Dengan demikian peranan sebagai modernisator ini memerlukan
suatu “literature sejarah” ialah kesadaran sejauh dari bangsa sendiri. Adalah
tidak benar, bahwa modernisasi hanyalah memerlukan import teknologi belaka.
Teknologi yang diimport tanpa dukungan sosial yang serasi akan menjadi barang
rongsokan tanpa guna. Pembinaan dukungan sosial inilah salah satu langkah
strategis yang dapat dilakukan para mahasiswa, antara lain dengan mendidik
sebagian besar rakyat kita dipedesaan dengan pandangan baru.
Program pemerintah yang memanfaatkan tenaga
mahasiswa maupun para sarjana, untuk pembangunan daerah pedesaan lewat program
Kuliah Kerja Nyata (KKN) ternyata telah berhasil baik. Program ini yang dibiayai
dari APBN maupun APBD dalam rangka Pelita telah banyak menunjukkan manfaatnya.
Namun setelah para mahasiswa ini menyelesaikan kuliahnya dan menjadi sarjana,
minat untuk kerja nyata di desa menjadi menurun. Mengapa hal ini terjadi?

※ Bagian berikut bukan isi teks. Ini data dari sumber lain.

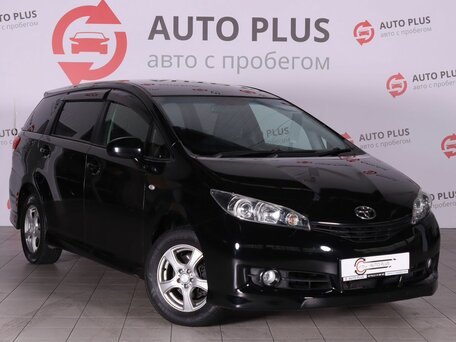 Toyota Wish II Рестайлинг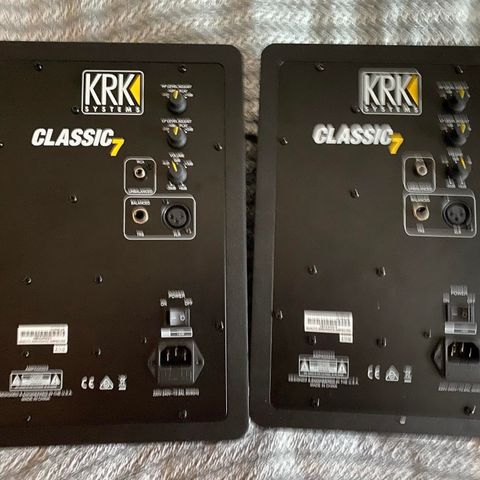 KRK RP7 Classic 7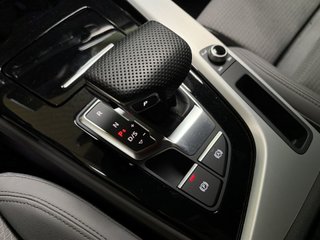 Audi A5 Sportback Black line 40 TFSI 150 kW (204 CV) S tronic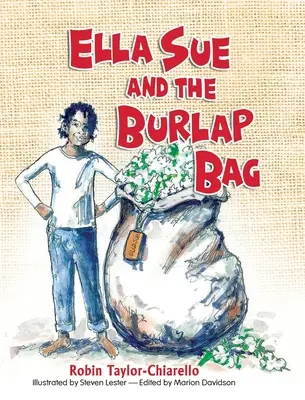 Ella Sue und die Leinentasche - Ella Sue and the Burlap Bag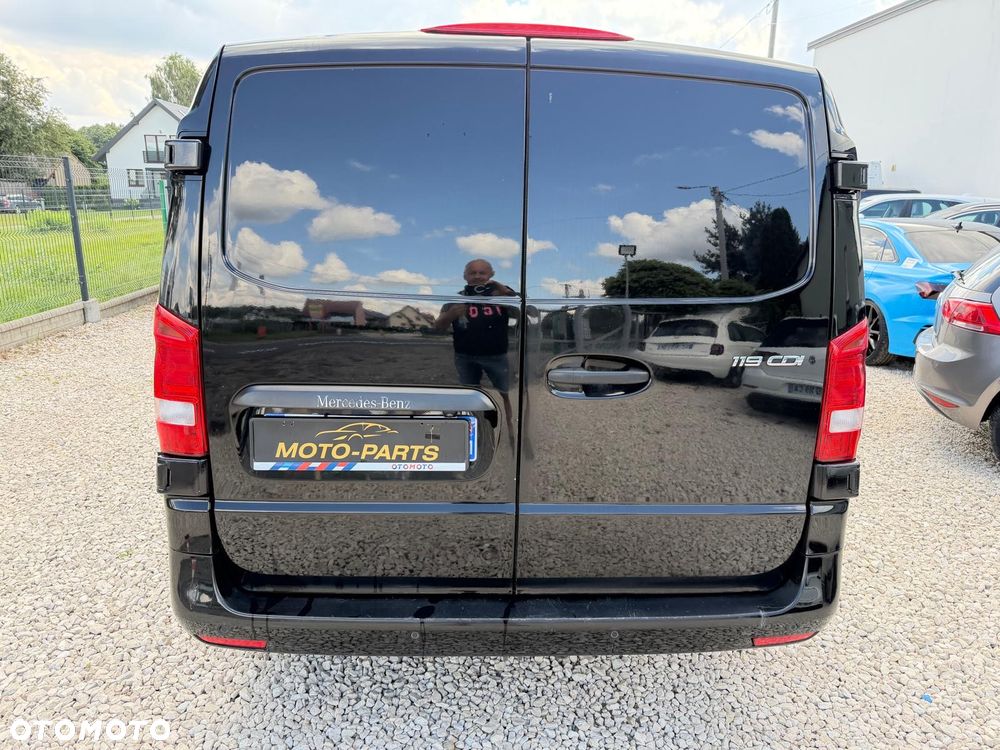 Mercedes-Benz Vito - 2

Jawabannya terletak pada posisi sosiologis dari mahasiswa kita secara
menyeluruh.
Kita melihat bahwa sistim pendidikan orientasi
dunia pendidikan merupakan lalu lintas satu arah, yaitu menuju ke kota. Suatu
penelitian yang pernah diadakan oleh sebuah universitas di Luar Jawa menunjukkan
bahwa, walaupun lebih dari setengah dari para mahasiswa berasal dari kalangan
petani dan pedagang, namun lebih dari
84% menjawab ingin menjadi pegawai negeri setelah tamat. Hal ini tidak
lain merupakan ujud dari orientasi kota dari kalangan mahasiswa, khususnya pada
universitas tersebut. [3]
Dari waktu ke waktu kita menyaksikan turunnya
para mahasiswa ke desa dalam rangka KKN. Dalam kesempatan seperti ini,
bertemulah berbagai unsure kemahasiswaan kita, baik yang mempunyai role image
sebagai intelektual maupun yang mempunyai role image sebagai professional
menghadapi masalah yang sama: yaitu pembentukan hari depan yang dihayati
bersama. Pengalaman ini banyak membentuk sikap mahasiswa kita yang akan
berpengaruh kelak dalam pengabdiannya kepada masyarakat. Namun, kini hal
tersebut hanyalah sekedar formalitas yang tak member substansi besar bagi
perubahan bermasyarakat di lingkungan yang sesungguhnya.
[1]
Syahrial Syarbaini, Pendidikan Pancasila: Implementasi Nilai-nilai Karakter
Bangsa di Perguruan Tinggi (Bogor: Penerbit Ghalia Indonesia, 2012), hlm
12.
[2]
Mohtar Mas’oed, Negara, Kapital dan Demokrasi (Yoryakarta: Pustaka
Pelajar, 1994) hlm 103.
[3]
Mohammad Djazman Al-Kindi, Akbar Tanjung, dkk, Mahasiswa dan Masa Depan
Politik Indonesia (Yogyakarta: PSIP DPP IMM, 1993), hlm 82-86.